Should You Add or Remove a Discount Badge? What Companies Actually Do When They Iterate?

Among the discount-touching experiments Lazyweb Research could classify by direction, 238 added a discount versus 68 that removed one — roughly 3.5 additions per removal.[1] Discounts are the most-touched tactic overall, with 1,133 detected experiments across 222 companies.[2] But 792 of those rows could not be cleanly classified, so read the ratio as 'of the classifiable changes.'

Companies added a discount 238 times versus removing it 68 times among classifiable discount experiments — a 3.5:1 add-to-remove ratio (Lazyweb Research, July 2026, n=1,133).

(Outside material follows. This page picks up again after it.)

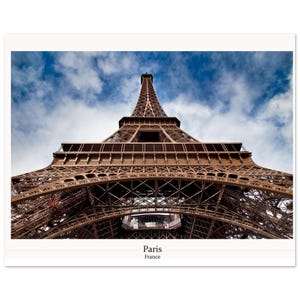 Eiffel Tower Fine Art Print | Stunning Parisian Architecture | Elegance & Beauty | Giclée Art Poster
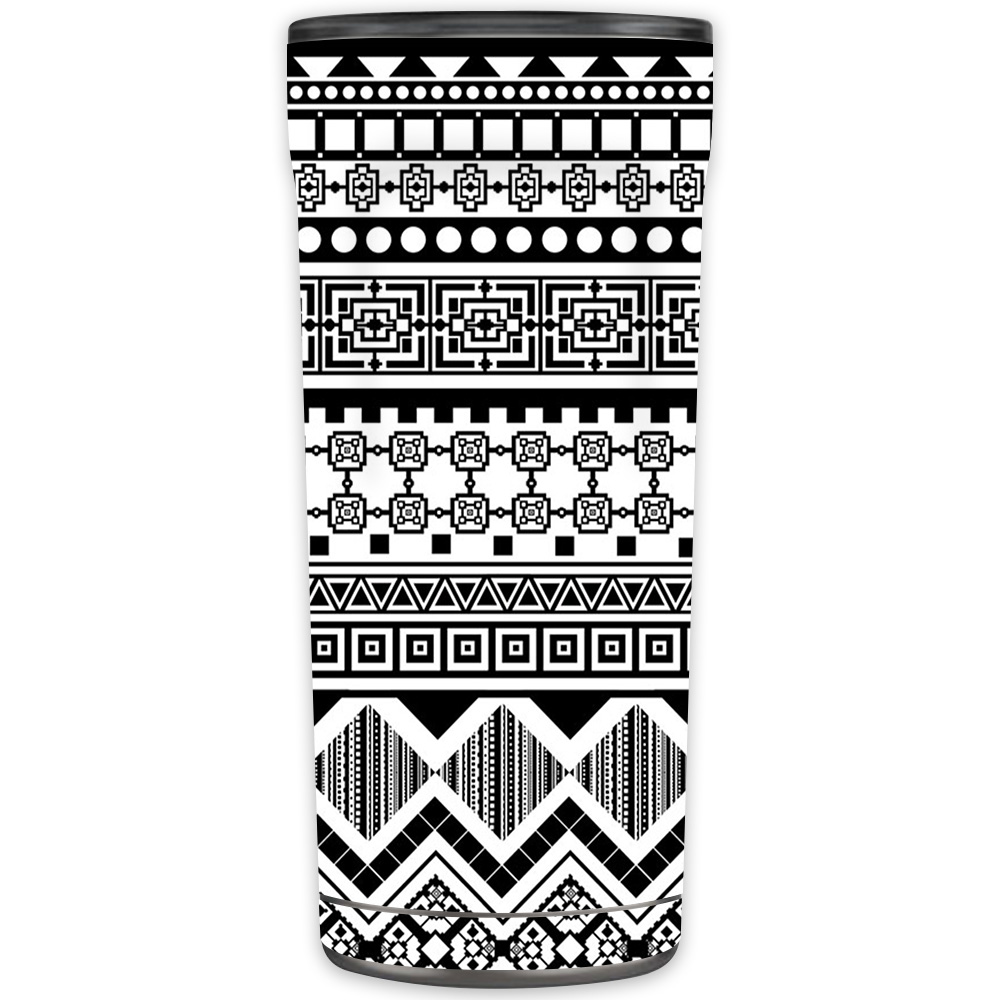 Picture of MightySkins OTEL20-Black Aztec Skin for Otterbox Elevation Tumbler 20 oz - Black Aztec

Lazyweb Research · n=1133 · Published 2026-07-07

pricingmonetizationpaywallexperimentsupsell

The finding: additions dominate, but removals happen

Of 1,133 discount-touching experiments across 222 companies, Lazyweb could classify direction on 341 (238 added, 68 removed, 35 mixed); the other 792 were 'changed/other.'[1][2] The add-to-remove ratio among classifiable rows is about 3.5:1. Discounts are the single most-touched tactic in the corpus (1,133 of 4,814 experiments, 24%),[2][3] which tells you the lever is heavily worked — not that adding always wins.

When removal shows up

The clearest removal example in the corpus is Cartesia, which stripped its monthly/yearly toggle and its yearly-default 'SAVE 20%' badge, re-anchoring on monthly pricing.[4] The inferred rationale: developers want low-commitment entry, so killing the billing toggle removes a decision before plan selection. Removals cluster where the discount was tied to an annual-commitment framing that the company decided was friction, not incentive.

How to apply it

Use the 3.5:1 ratio as a weak prior, not a mandate. If your discount is a straightforward 'save X% on annual,' peers overwhelmingly add and keep it (91% of 162 added-discount screens kept it).[5] If the discount is bundled into a billing toggle that adds a decision step, the removal camp — led by developer-audience products — is a real minority worth studying.

Caveats

Direction is a keyword heuristic over what_changed + learning; 70% of discount rows (792/1,133) could not be classified, so both numbers are shown for honesty.[1] The '%save %' pattern also over-matches. These are observed UI diffs with inferred rationale, not measured lifts.

The numbers

StatComputed from
238 added / 68 removed / 35 mixed / 792 unclassifieddirection_split__discount
1,133 discount-touching experiments across 222 companiestactic_mentions__discount_badges
4,814 total detected experiments (discounts = 24%)total_detected_experiments; 1133/4814
Cartesia removed its yearly-default 'SAVE 20%' togglequalitative: discount badges, cartesia, 2026-07-04
147 of 162 added-discount screens (91%) kept itretention__discount
Methodology. Universe: 4,814 detected before/after UI experiments across 362 companies in Lazyweb's ~800-app mobile corpus. Direction classified by add/remove keyword heuristic; 792 of 1,133 discount rows unclassified. Detected diffs with inferred rationale, not measured A/B results. July 2026 pull.

Sources & citations

  1. [1] Lazyweb Research analysis of 4,814 detected experiments (362 companies, mobile-app corpus), July 2026. Direction heuristic: 238 added / 68 removed / 35 mixed / 792 unclassified among discount-touching rows.
  2. [2] Lazyweb Research analysis of 4,814 detected experiments (362 companies, mobile-app corpus), July 2026. 1,133 discount-touching experiments across 222 distinct companies.
  3. [3] Lazyweb Research analysis of 4,814 detected experiments (362 companies, mobile-app corpus), July 2026. Discounts are 1,133 of 4,814 total detected experiments (24%).
  4. [4] Lazyweb Research analysis of 4,814 detected experiments (362 companies, mobile-app corpus), July 2026. Cartesia (2026-07-04) removed the billing toggle and yearly-default discount.
  5. [5] Lazyweb Research analysis of 4,814 detected experiments (362 companies, mobile-app corpus), July 2026. Retention proxy: 147 of 162 screens where a discount was added kept it in later captures.